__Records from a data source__

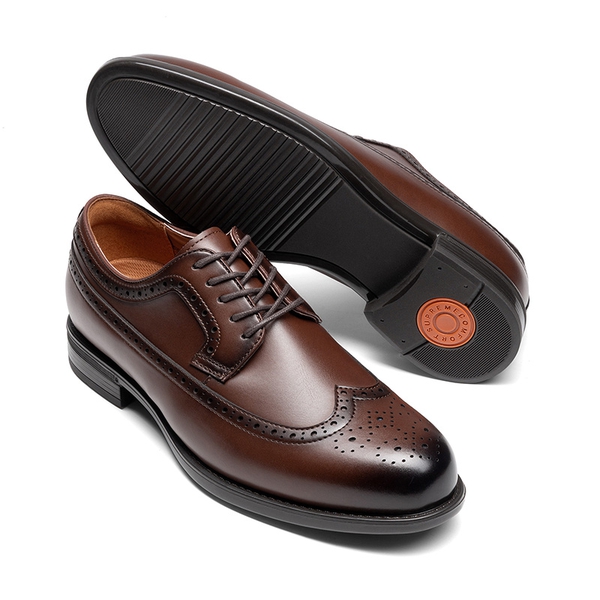Men’s Classic Brogue Wingtip Oxford Shoes - DARK BROWN - 2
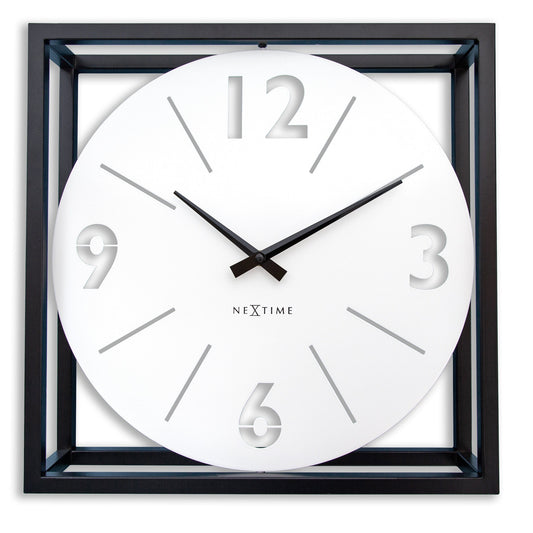 Tafel-/wandklok 40 x 40 x 9,5 cm - metaal - zwart/wit - NeXtime 'Time Frame'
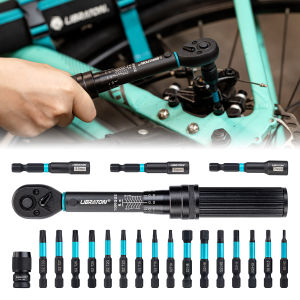 21pcs Bike Torque Wrench 1/4" 2-14Nm Bike Torque Wrench Set Socket Spanner with Impact Bit Bicycle Motorcycle Ratchet Repair Kit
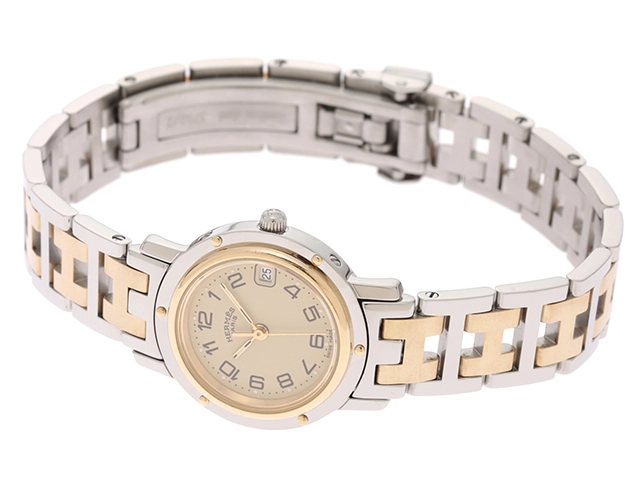 HERMES エルメス クリッパー CL4.220 GP/SS アイボリー クォーツ 【460】2148103706912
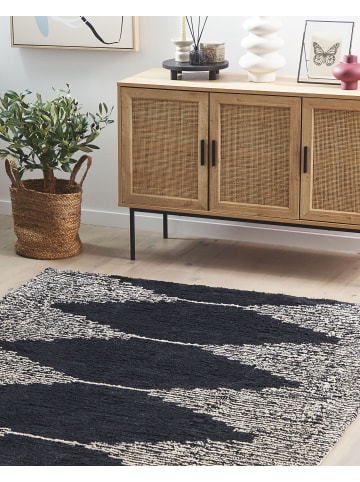 Beliani Kurzflor BATHINDA in Schwarz/Weiß - (W) 160 x (H) 1 x (L) 230 cm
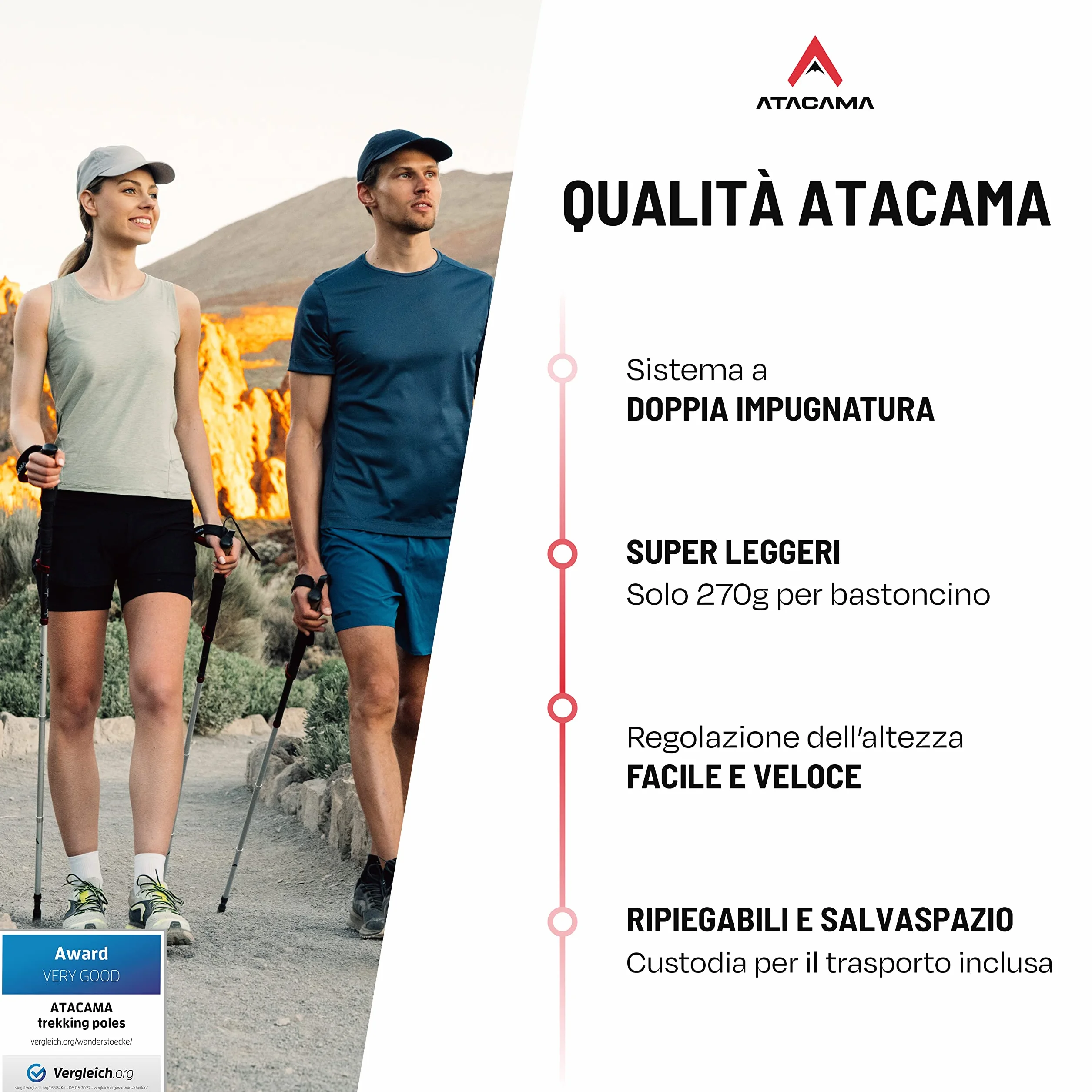 Atacama Bastoni da trekking telescopici in carbonio 3k e alluminio 7075 Nordic Walking con manico in sughero angolo regolabile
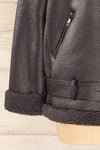 Sorong Grey Faux Leather Coat w/ Sherpa Lining | La petite garçonne close up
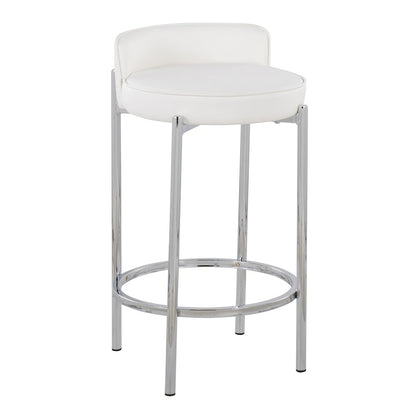LumiSource Chloe 17in Counter Stool Set of 2 | Chrome & White PU | Kitchen Island & Dining Room | 17 x 16 x 29 in | Model B26-CHLOEW2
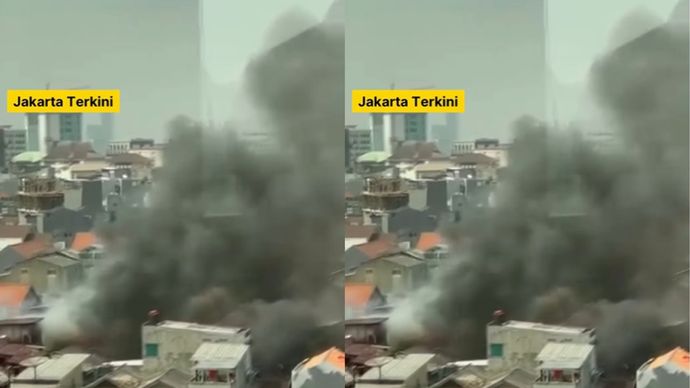 Kebakaran melanda rumah warga di kawasan Kwitang, Jakarta Pusat siang ini, Kamis (26/6/2025). Petugas Pemadam Kebakaran sudah terjun ke lokasi. 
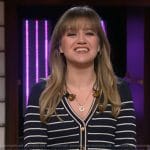 Kelly’s navy stripe button front dress on The Kelly Clarkson Show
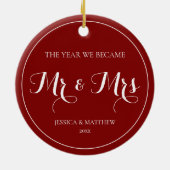 Einfache Elegant Erste Weihnacht Verheiratet Mr. u Keramik Ornament (Hinten)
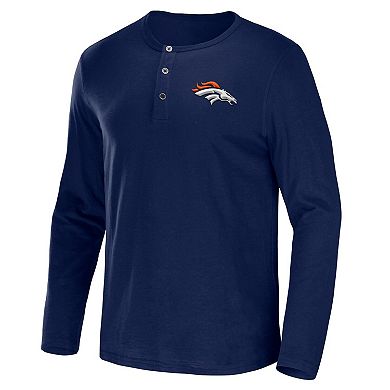 Men's NFL x Darius Rucker Collection by Fanatics Navy Denver Broncos Slub Jersey Henley Long Sleeve T-Shirt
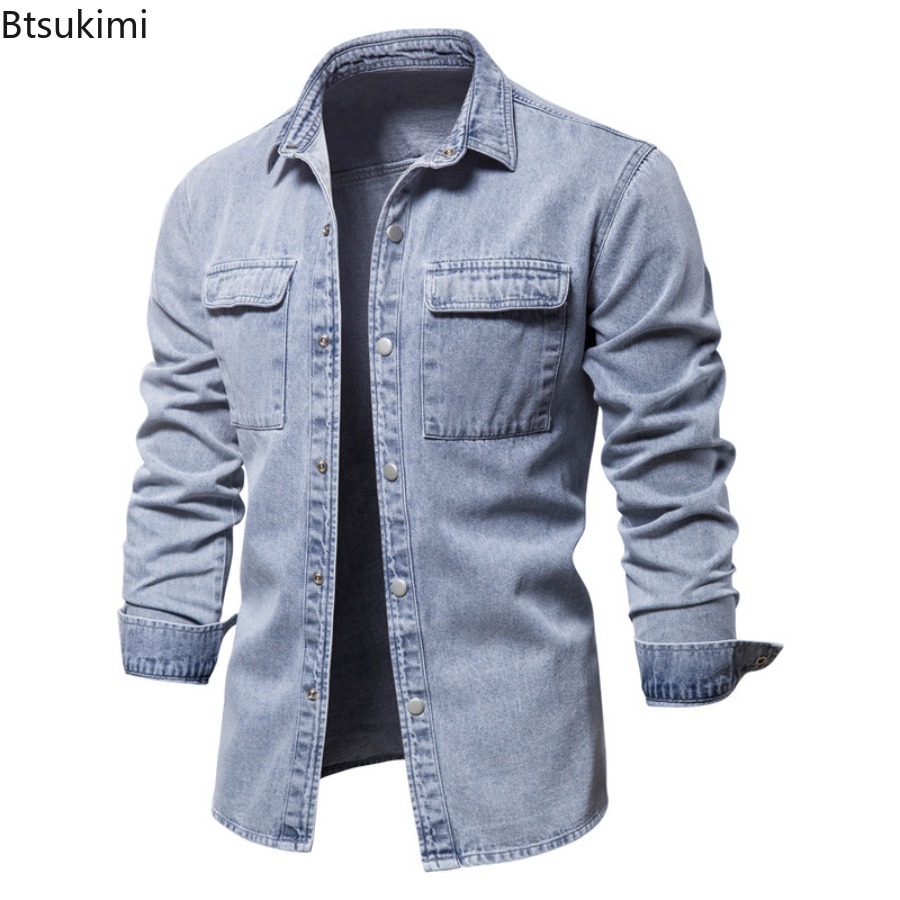 Весенне-осенние мужские модные – обзор и цена Jeans Shirt Fashion For Men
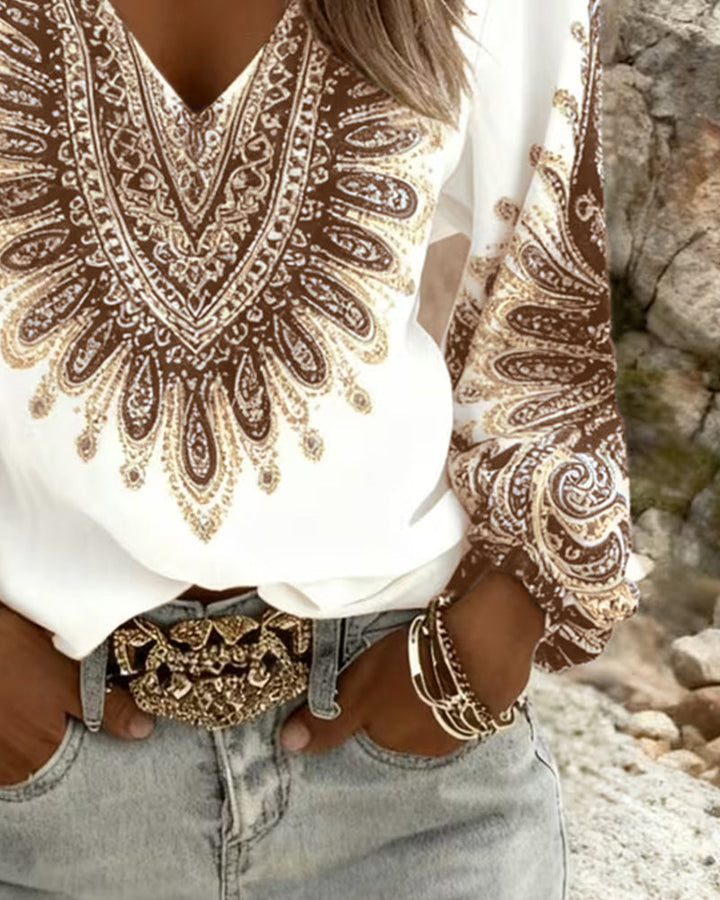 Elara | Paisleytryckt Blus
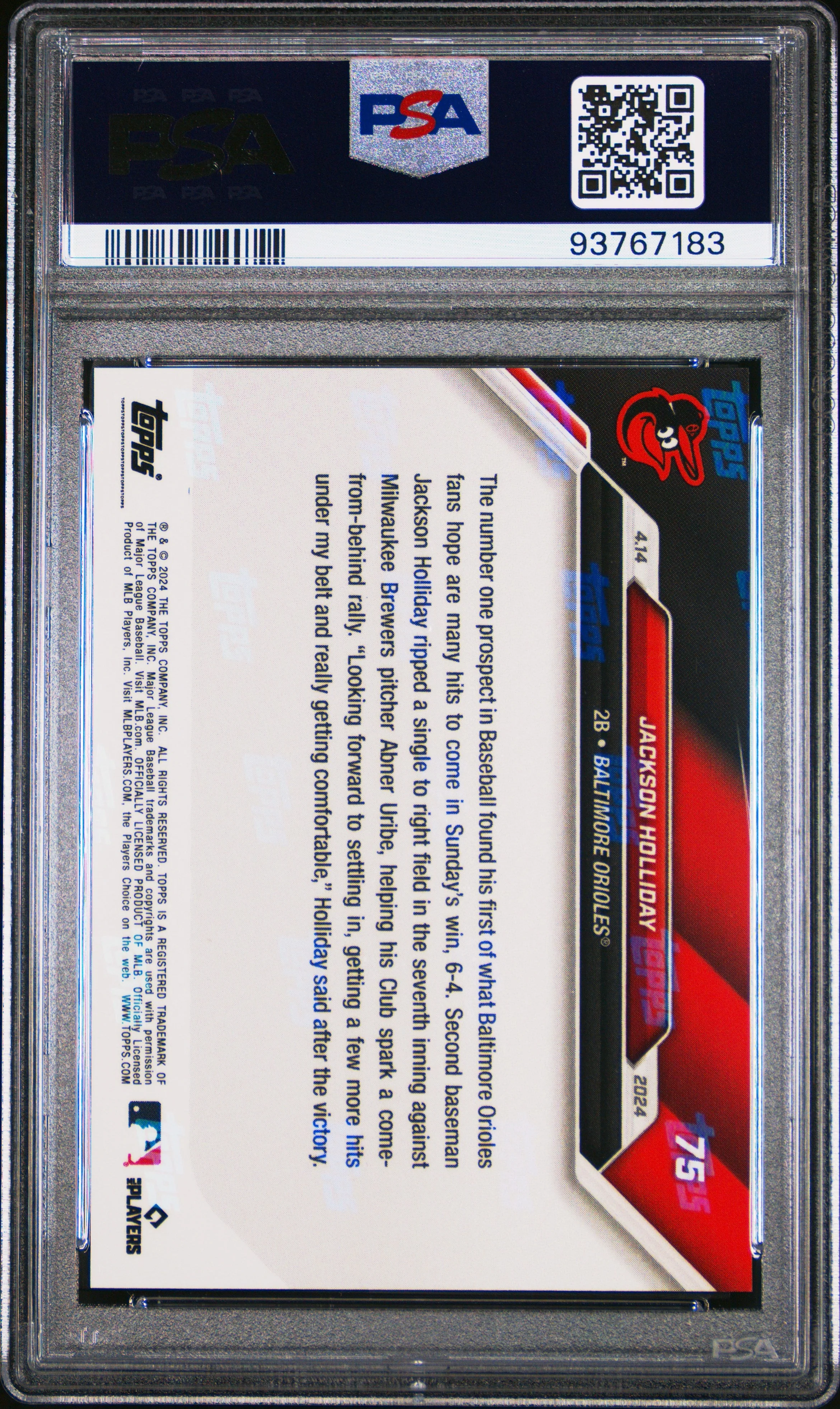 Graded 2024 Topps Now Jackson Holliday #75 1st Career Hit Rookie RC Baseball Card PSA 10 Gem Mint - Image 2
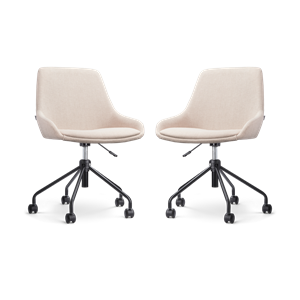 Nolon Nout-Isa bureaustoel beige - zwart onderstel - set van 2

__What this task involves__
Leaving out every picture, copy exactly the lines from the one that contains "Beliani Kurzflor BATHINDA" through the end of the entries above.

__Task output__
 Beliani Kurzflor BATHINDA in Schwarz/Weiß - (W) 160 x (H) 1 x (L) 230 cm
 Atacama Bastoni da trekking telescopici in carbonio 3k e alluminio 7075 Nordic Walking con manico in sughero angolo regolabile
 Sorong Grey Faux Leather Coat w/ Sherpa Lining | La petite garçonne close up
LumiSource Chloe 17in Counter Stool Set of 2 | Chrome & White PU | Kitchen Island & Dining Room | 17 x 16 x 29 in | Model B26-CHLOEW2
 Kebakaran melanda rumah warga di kawasan Kwitang, Jakarta Pusat siang ini, Kamis (26/6/2025). Petugas Pemadam Kebakaran sudah terjun ke lokasi. 
 Kelly’s navy stripe button front dress on The Kelly Clarkson Show
 Einfache Elegant Erste Weihnacht Verheiratet Mr. u Keramik Ornament (Hinten)
 Men's NFL x Darius Rucker Collection by Fanatics Navy Denver Broncos Slub Jersey Henley Long Sleeve T-Shirt
 Весенне-осенние мужские модные – обзор и цена Jeans Shirt Fashion For Men
 Elara | Paisleytryckt Blus
 Graded 2024 Topps Now Jackson Holliday #75 1st Career Hit Rookie RC Baseball Card PSA 10 Gem Mint - Image 2
 Nolon Nout-Isa bureaustoel beige - zwart onderstel - set van 2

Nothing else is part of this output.